▶ About this task
Gather all lines from the material that contain the word "Drive".

☆ ☆ ☆ ☆ ☆ ☆ ☆

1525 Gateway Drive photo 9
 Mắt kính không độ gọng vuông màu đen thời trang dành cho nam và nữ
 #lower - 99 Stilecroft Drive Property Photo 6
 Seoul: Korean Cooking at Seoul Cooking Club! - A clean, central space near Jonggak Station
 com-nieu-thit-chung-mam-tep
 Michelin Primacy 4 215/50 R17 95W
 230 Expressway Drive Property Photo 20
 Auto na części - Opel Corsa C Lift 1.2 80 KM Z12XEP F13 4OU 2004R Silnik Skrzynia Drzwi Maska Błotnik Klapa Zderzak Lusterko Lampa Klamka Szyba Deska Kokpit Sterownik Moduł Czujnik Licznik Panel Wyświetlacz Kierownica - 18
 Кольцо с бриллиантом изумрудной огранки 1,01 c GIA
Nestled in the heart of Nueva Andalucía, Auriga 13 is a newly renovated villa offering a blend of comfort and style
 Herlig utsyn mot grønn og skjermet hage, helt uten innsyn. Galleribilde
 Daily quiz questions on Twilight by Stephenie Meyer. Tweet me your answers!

☆ ☆ ☆ ☆ ☆ ☆ ☆

▶ Result of the exercise
1525 Gateway Drive photo 9
 #lower - 99 Stilecroft Drive Property Photo 6
 230 Expressway Drive Property Photo 20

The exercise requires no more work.